Hi Brian, 

> -----Original Message-----
> From: [email protected] 
> [mailto:[email protected]] On Behalf Of Brian E Carpenter
> Sent: Wednesday, October 06, 2010 3:10 PM
> To: Ole Troan
> Cc: Softwires; [email protected]
> Subject: Re: [Softwires] ISP support of Native IPv6 across 
> NAT44 CPEs -Proposed 6a44 Specification
> 
> On 2010-10-06 19:57, Ole Troan wrote:
> > Brian,
> > 
> >>> Draft-despres-softwire-6a44-00, coauthored with Brian and 
> Sheng, has just been posted 
> (http://tools.ietf.org/html/draft-despres-softwire-6a44-00).
> >>> It describes a solution for ISPs to offer native IPv6 
> across IPv4-only CPEs (NAT44 CPEs).
> >>>
> >>> It results from convergence discussion between authors of 
> draft-carpenter-6man-sample-00 and 
> draft-despres-softwire-6rdplus-00, taking into account 
> comments made by authors of draft-lee-softwire-6rd-udp-01, 
> and those made other Softwire WG participants since IETF 78.
> >>>
> >>> It is submitted to become, after discussion in the WG, a 
> Softwire I-D.
> >> By the way, we do discuss in the draft why it's a useful 
> alternative to
> >> both tunnel brokers (such as Hexago and SixXs) or Teredo. We don't
> >> explicitly discuss why we think it's also a useful 
> alternative to an L2TP
> >> solution, but the arguments are, I think, similar to those 
> for the tunnel
> >> brokers (apart from our "hobbyist" comment).
> > 
> > perhaps you could also add some deployment considerations 
> with regards to host tunneling versus "network" tunneling?
> 
> OK, if there is enough interest to continue this work. Of 
> course, in the
> context of legacy CPE, there is no alternative to host tunnels.

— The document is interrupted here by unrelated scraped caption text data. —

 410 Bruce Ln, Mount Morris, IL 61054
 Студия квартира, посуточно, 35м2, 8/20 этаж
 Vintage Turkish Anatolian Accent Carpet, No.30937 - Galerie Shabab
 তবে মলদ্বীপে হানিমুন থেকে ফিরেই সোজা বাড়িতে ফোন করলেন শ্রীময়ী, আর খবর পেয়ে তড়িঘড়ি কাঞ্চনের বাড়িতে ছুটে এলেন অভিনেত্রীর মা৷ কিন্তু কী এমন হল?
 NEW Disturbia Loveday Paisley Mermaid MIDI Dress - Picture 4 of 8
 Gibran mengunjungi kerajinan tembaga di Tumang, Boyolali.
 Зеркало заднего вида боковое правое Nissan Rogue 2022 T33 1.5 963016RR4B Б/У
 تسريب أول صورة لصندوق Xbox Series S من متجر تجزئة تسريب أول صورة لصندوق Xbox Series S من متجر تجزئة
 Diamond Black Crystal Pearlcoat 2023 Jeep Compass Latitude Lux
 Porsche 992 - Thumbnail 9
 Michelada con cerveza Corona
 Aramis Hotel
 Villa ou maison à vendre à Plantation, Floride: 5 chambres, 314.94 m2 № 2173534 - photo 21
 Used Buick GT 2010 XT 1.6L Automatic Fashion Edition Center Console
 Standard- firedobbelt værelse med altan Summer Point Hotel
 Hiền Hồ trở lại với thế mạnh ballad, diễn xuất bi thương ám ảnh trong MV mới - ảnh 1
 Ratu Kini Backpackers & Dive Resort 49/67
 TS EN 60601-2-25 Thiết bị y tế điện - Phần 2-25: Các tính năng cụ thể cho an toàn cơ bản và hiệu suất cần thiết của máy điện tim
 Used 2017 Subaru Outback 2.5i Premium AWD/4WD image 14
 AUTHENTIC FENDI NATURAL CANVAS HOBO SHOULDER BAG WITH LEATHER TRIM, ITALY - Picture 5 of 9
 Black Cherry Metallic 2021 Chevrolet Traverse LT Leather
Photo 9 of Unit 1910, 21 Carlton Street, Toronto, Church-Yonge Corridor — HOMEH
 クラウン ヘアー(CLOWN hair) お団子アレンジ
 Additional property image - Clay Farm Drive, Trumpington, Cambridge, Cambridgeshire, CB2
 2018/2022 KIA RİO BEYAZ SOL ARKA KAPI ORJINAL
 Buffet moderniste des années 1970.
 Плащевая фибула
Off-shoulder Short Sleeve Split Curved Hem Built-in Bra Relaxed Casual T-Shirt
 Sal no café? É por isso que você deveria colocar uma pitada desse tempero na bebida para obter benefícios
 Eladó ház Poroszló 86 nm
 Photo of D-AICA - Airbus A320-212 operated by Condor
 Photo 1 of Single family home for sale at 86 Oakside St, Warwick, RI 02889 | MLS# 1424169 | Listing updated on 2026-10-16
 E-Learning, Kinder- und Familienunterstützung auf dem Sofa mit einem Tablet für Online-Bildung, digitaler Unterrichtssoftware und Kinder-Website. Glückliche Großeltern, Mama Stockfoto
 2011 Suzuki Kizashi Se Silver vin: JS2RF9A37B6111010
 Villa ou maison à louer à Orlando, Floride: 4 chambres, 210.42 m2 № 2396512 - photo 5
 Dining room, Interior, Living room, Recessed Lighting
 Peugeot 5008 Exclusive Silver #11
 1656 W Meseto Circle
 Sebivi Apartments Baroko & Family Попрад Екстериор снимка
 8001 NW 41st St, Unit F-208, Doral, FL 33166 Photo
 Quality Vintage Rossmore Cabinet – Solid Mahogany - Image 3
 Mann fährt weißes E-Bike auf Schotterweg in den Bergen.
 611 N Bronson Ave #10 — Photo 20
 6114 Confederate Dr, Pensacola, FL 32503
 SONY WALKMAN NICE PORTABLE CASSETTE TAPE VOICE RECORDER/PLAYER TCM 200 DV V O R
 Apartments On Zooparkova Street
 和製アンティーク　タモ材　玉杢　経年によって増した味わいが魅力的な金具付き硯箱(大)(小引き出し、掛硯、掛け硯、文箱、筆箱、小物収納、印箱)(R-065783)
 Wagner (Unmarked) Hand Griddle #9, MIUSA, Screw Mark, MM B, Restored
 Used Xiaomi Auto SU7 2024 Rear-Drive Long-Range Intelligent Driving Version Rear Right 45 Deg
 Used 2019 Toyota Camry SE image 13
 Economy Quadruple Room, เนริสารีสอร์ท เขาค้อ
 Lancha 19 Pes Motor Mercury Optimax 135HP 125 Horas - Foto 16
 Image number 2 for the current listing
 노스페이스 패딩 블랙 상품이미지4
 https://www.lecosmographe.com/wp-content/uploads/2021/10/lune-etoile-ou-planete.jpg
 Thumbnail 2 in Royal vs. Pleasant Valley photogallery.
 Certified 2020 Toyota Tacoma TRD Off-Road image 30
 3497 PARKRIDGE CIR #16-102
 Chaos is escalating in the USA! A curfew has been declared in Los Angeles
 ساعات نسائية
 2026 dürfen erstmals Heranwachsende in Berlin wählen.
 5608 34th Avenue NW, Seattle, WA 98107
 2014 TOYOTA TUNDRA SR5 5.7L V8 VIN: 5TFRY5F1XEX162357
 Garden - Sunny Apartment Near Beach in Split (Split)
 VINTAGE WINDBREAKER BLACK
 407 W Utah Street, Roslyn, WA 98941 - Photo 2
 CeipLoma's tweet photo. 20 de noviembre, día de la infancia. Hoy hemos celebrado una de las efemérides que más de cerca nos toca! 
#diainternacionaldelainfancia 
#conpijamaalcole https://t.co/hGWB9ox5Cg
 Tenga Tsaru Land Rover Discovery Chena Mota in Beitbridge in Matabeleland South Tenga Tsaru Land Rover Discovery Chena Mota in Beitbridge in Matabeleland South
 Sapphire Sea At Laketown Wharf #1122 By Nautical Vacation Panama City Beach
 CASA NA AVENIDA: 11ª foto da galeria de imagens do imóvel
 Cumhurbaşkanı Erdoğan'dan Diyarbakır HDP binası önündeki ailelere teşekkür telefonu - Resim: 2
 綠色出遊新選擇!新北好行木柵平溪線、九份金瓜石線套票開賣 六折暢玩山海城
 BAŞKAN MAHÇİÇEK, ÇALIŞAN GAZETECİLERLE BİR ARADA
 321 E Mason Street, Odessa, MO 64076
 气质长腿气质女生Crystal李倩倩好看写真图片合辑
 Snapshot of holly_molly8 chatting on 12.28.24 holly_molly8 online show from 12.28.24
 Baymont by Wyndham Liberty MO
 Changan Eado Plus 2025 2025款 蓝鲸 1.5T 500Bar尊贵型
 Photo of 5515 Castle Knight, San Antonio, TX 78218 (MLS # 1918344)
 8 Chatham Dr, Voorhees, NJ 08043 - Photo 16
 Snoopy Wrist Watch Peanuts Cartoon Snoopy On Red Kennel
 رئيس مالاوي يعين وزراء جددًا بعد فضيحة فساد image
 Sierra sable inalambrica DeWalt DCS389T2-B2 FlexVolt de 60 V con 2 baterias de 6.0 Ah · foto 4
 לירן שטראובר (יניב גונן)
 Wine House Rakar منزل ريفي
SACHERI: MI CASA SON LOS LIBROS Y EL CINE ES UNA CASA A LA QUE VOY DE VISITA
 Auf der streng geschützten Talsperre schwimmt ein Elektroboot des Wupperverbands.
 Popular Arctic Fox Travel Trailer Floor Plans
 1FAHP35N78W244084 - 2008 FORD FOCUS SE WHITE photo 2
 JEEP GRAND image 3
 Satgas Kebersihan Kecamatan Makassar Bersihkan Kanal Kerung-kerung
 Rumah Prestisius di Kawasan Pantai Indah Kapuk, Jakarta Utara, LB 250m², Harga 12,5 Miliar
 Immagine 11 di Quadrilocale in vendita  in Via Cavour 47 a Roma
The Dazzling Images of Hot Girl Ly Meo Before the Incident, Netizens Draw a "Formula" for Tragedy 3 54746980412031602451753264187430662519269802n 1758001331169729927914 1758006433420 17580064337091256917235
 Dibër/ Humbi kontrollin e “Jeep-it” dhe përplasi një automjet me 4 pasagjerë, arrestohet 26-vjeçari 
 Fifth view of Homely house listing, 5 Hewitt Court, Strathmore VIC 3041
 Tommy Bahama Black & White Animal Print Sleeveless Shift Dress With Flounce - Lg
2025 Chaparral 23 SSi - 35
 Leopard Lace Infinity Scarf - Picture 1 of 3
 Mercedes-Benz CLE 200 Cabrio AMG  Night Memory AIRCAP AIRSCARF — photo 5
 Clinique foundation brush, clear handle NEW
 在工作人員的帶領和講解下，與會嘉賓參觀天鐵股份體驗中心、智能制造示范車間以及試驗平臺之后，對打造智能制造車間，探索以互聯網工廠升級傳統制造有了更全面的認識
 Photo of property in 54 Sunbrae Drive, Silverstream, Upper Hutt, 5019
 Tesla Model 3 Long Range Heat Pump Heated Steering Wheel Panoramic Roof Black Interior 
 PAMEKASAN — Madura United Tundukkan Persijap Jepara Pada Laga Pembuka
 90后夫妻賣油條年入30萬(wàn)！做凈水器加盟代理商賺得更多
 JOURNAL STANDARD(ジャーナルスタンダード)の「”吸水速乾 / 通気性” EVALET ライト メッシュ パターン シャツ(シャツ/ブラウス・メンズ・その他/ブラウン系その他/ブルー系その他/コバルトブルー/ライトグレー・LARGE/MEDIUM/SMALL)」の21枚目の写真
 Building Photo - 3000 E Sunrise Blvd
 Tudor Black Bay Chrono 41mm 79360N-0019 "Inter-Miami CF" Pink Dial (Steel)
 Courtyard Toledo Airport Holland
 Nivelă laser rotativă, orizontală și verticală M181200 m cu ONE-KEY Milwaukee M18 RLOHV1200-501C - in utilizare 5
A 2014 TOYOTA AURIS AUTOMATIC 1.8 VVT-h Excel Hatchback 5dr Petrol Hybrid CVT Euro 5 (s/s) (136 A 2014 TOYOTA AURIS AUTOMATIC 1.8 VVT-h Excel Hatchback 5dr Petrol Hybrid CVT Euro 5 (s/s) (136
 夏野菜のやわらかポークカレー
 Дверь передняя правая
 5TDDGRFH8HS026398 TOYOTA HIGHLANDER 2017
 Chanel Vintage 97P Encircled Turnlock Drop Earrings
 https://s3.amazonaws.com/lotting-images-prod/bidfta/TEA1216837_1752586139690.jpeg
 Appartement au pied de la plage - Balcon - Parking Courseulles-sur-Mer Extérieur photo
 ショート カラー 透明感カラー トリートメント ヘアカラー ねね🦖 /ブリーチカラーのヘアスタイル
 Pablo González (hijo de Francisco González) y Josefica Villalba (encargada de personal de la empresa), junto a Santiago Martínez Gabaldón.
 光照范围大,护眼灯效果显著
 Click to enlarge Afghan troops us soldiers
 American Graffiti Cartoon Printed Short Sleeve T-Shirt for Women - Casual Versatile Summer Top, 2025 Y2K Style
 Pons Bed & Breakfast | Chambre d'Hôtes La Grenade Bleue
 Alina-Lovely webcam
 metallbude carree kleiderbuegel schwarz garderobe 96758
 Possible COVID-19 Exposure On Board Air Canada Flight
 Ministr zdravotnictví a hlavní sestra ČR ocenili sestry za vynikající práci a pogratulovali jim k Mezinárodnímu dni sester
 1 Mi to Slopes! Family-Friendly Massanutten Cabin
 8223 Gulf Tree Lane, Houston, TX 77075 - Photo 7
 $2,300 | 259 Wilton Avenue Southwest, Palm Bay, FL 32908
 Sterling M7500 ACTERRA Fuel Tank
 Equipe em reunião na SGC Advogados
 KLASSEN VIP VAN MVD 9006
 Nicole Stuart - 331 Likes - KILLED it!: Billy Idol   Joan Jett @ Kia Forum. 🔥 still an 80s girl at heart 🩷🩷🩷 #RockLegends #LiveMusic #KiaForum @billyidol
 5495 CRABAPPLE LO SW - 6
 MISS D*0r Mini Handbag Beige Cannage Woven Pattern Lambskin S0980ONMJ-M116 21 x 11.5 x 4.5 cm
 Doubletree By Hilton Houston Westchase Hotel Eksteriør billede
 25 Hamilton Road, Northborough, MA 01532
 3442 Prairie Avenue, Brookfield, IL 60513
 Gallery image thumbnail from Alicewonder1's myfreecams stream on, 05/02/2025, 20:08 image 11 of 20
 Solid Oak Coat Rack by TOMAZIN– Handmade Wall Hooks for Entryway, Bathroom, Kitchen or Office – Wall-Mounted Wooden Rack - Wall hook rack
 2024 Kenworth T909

I agree that the tunnel endpoint device in the end user
network needs to configure the 6a44 tunnel interface as a
host interface, but if the device also configures another
tunnel over *that* then the inner tunnel could be used as
a router interface.

If you can bear with me for a moment (*), consider the 6a44
tunnel as an underlying interface over which the tunnel
endpoint device configures an IRON tunnel. Yes, that would
make for nested encapsulations - in particular, the nesting
would be IPv6-in-IPv6-in-UDP-in-IPv4. But, the inner tunnel
could be used as a router interface to service a PI IPv6
prefix. This would work even if the inner tunnel was
configured over multiple underlying 6a44 tunnels - one
each for each ISP the end user network connects to.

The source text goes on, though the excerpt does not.